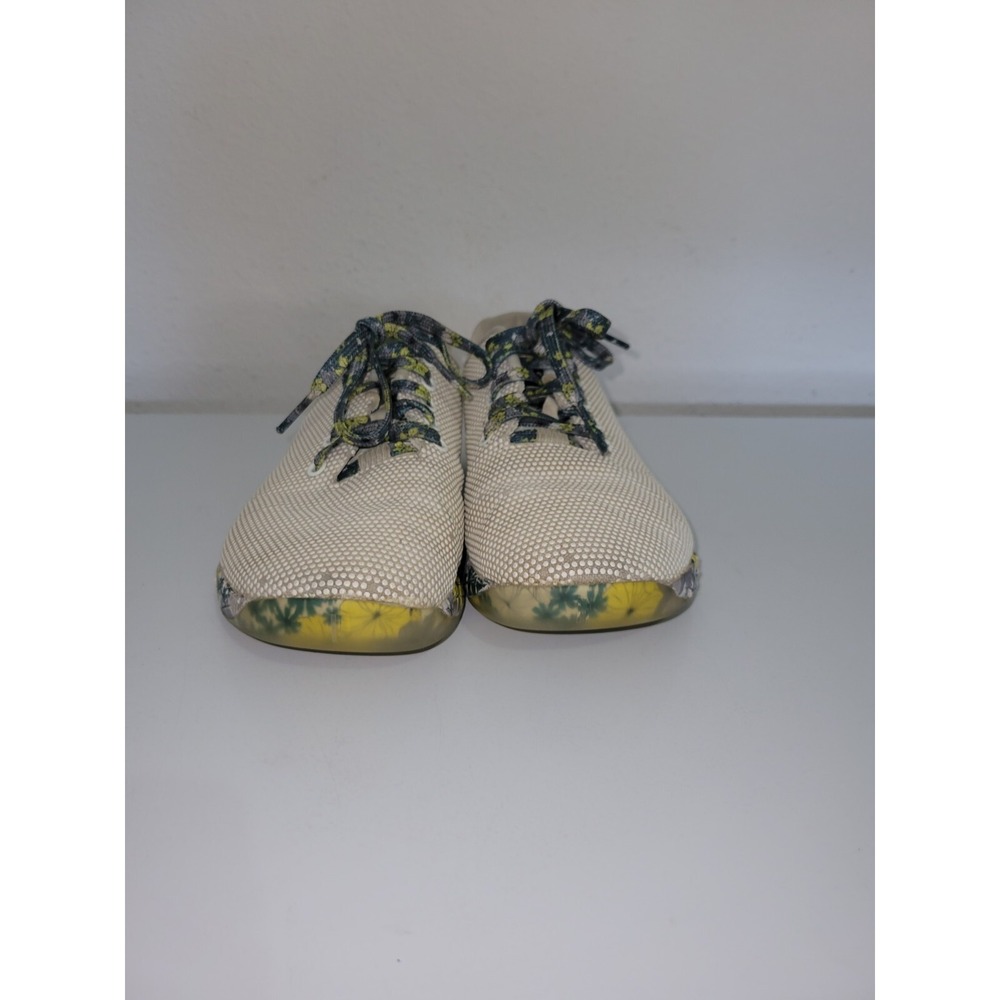 NO BULL Spring Fling SuperFabric Cream/Floral Low Top Sneakers Womens 9 Mens 7.5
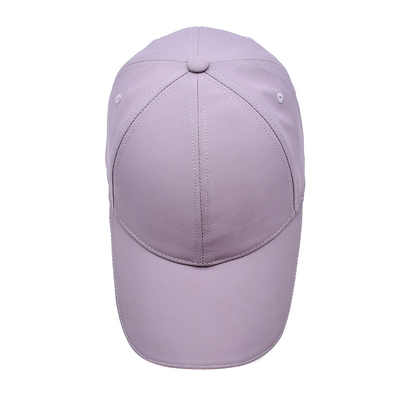 Chapeau de base-ball en blanc à six panneaux avec couronne moyenne Polyester 4 couleur de tissu assortie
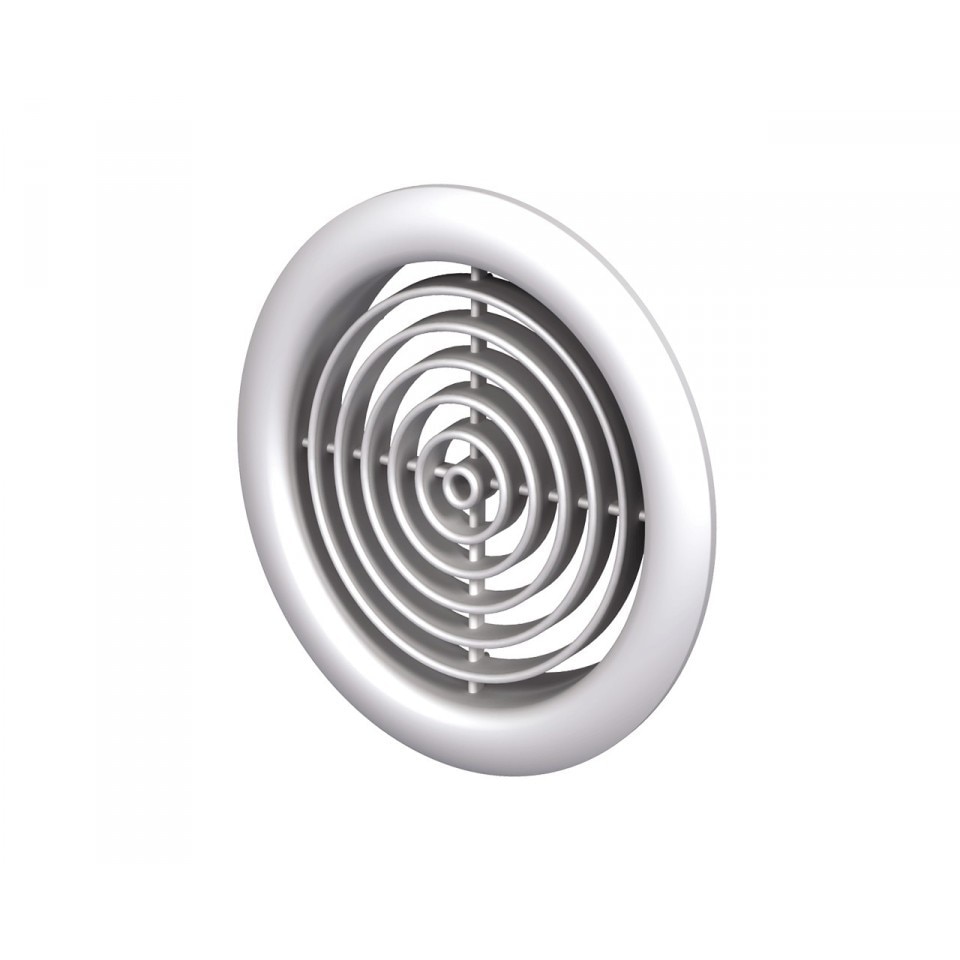 Grila ventilatie rotunda VENTS MV 51bvs, pentru usa, plasa pentru insecte, diametru 50 mm
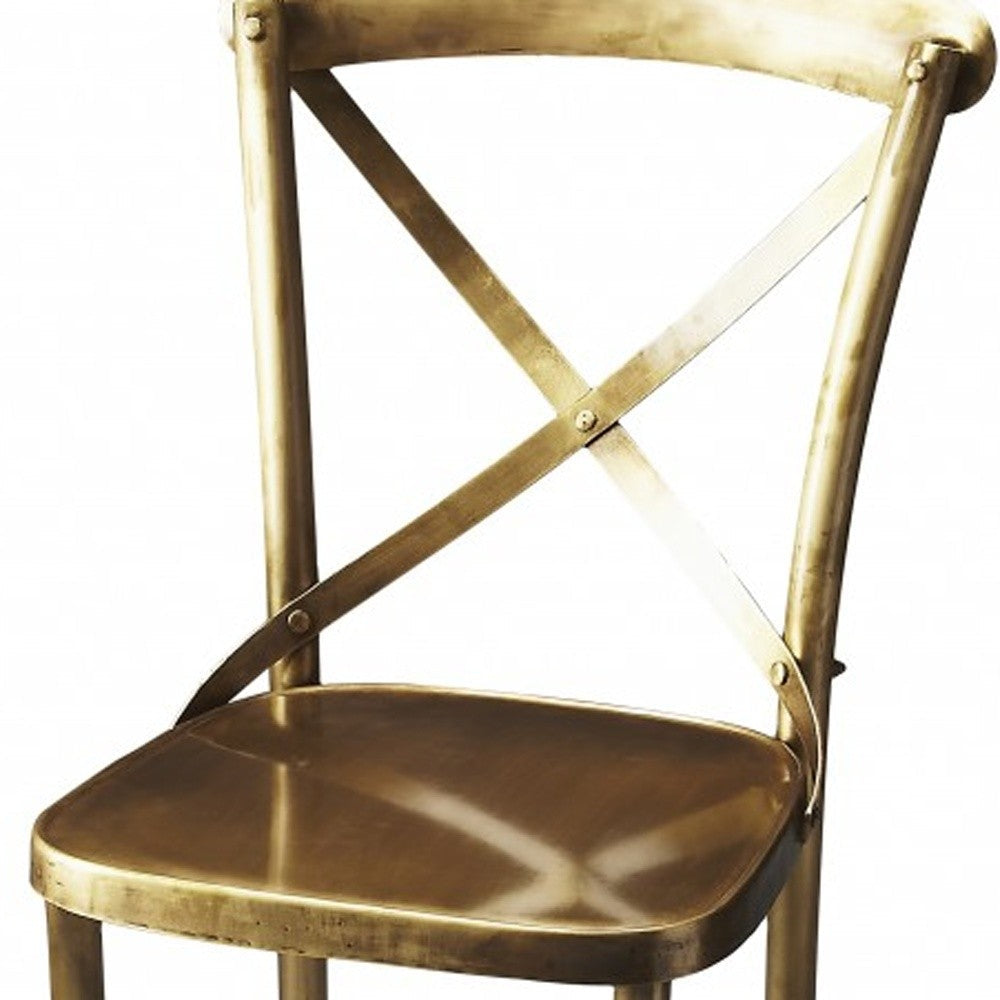 24" Gold Iron Bar Chair Image 4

TASK DESCRIPTION:
Would it be possible to reproduce the material word for word, images omitted?

EXPECTED ANSWER:
 NO BULL Spring Fling SuperFabric Cream/Floral Low Top Sneakers Womens 9 Mens 7.5
 Chapeau de base-ball en blanc à six panneaux avec couronne moyenne Polyester 4 couleur de tissu assortie
 Grila ventilatie rotunda VENTS MV 51bvs, pentru usa, plasa pentru insecte, diametru 50 mm
 24" Gold Iron Bar Chair Image 4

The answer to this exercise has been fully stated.